Provided data -
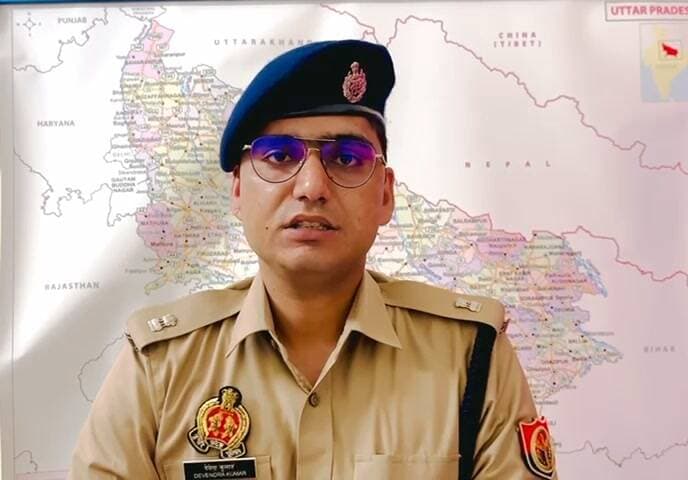 यूपी के शाहजहांपुर जनपद में तिलहर थाना क्षेत्र के चार सिपाहियों ने व्यापारी के जेब में स्मैक रखकर उसे जेल भेज देने की धमकी देकर लाखों रुपए वसूले
चारो निलंबित कर दिया दिए गए दो गिरफ्तार कर लिए गए, दो फरार है मुकदमा दर्ज हो गया है
आपका अपना शहर Aapka Apna Shahar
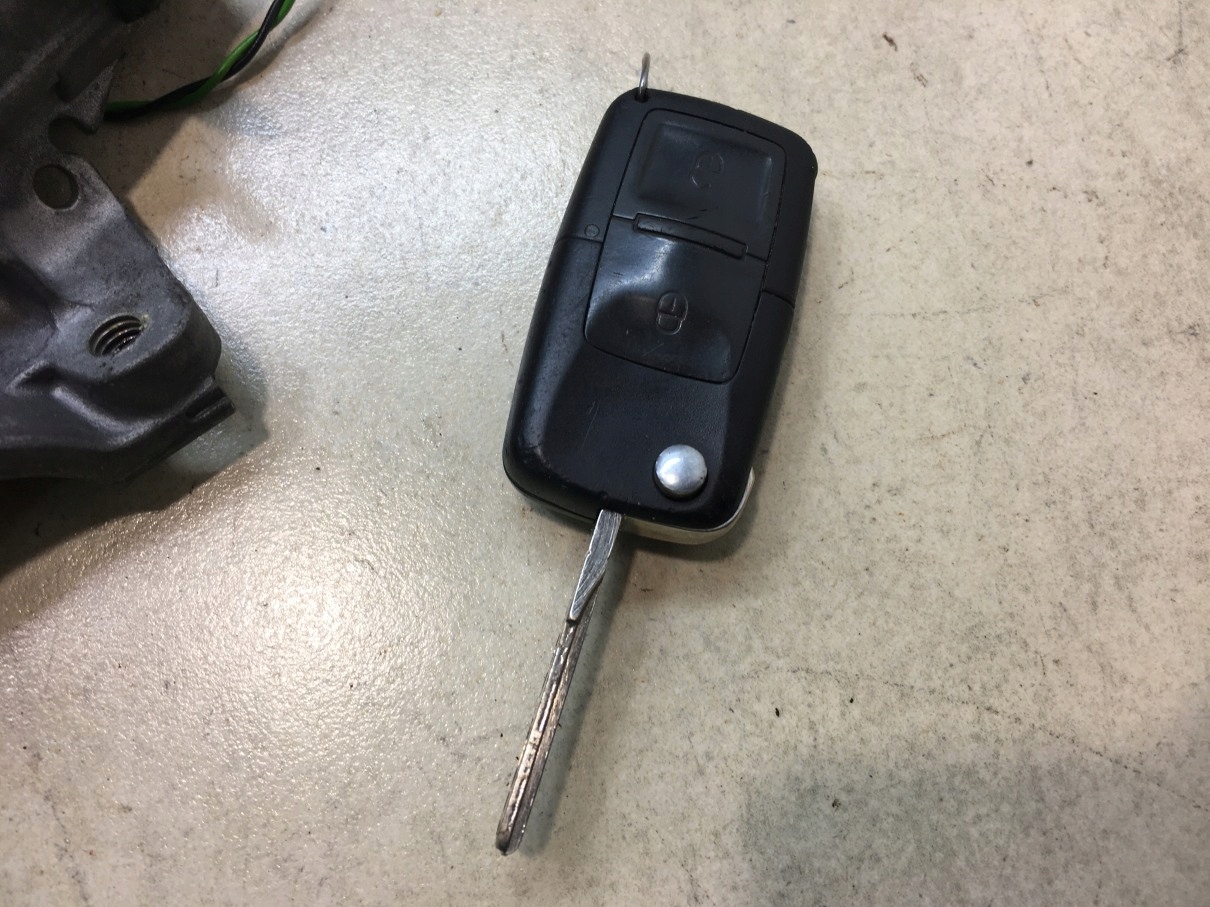Accensione chiave maniglia LEON e 1.9 TDI 4B0905851C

Directions -
After removing the pictures, restate the whole listing above word for word.

Result -
 यूपी के शाहजहांपुर जनपद में तिलहर थाना क्षेत्र के चार सिपाहियों ने व्यापारी के जेब में स्मैक रखकर उसे जेल भेज देने की धमकी देकर लाखों रुपए वसूले
चारो निलंबित कर दिया दिए गए दो गिरफ्तार कर लिए गए, दो फरार है मुकदमा दर्ज हो गया है
आपका अपना शहर Aapka Apna Shahar
Accensione chiave maniglia LEON e 1.9 TDI 4B0905851C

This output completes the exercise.